Calicut University result summary using Shell & Python scripts

 I wanted to create the summary of the university exam results of my class with details like ranklist, the number of students between different SGPA limits and the subject wise performance of students. I developed Shell script for the first two procedures and a Python script for the first and last procedures. Both the scripts involves the process of crawling through individual results of students. Here is the link

 wget  & pdftotext  are the most important tools I have used in this shell script. wget is a tool that can be used to download web pages. Calicut university website prevents the user-agent (eg. wget ) programs from accessing it. So in order to access the result pages , spoofing is required. In that case we will make the website believe that its a browser that's actually accessing it instead of the wget program.This type of spoofing can easily done by the command : wget -U browsername URL. So that is how we downoad individual result pages...
Tip :    wget when used with -r switch will download the web pages recursively.

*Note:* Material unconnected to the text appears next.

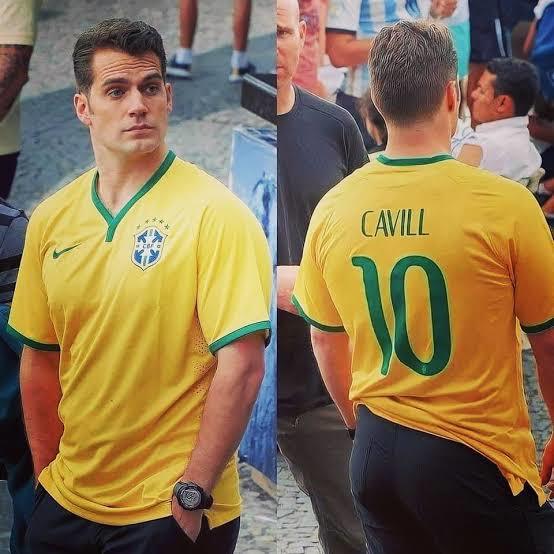 Henry Cavill sizce nasıl biri? Çok çekici değil mi?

Calicut university  on its part publishes the individual results in PDF format. Since creating summary requires text processing, it is important that the PDF files are converted to text format. That is where pdftotext comes handy. As name suggests , it is used for converting PDF format to text format files. After downloading and converting the individual results  to text , the summary is just a matter of some amount of text processing.

                  In order to  crawl through individual result , I took the help of Python urllib module.Challenge in this script too was converting  PDF file to text file. Here Python pdfminer module helped me. Along with the PDF miner, a program gets installed. This program can be used to convert the pdf file in to text file. As stated earlier the remaining tasks is just all about text processing.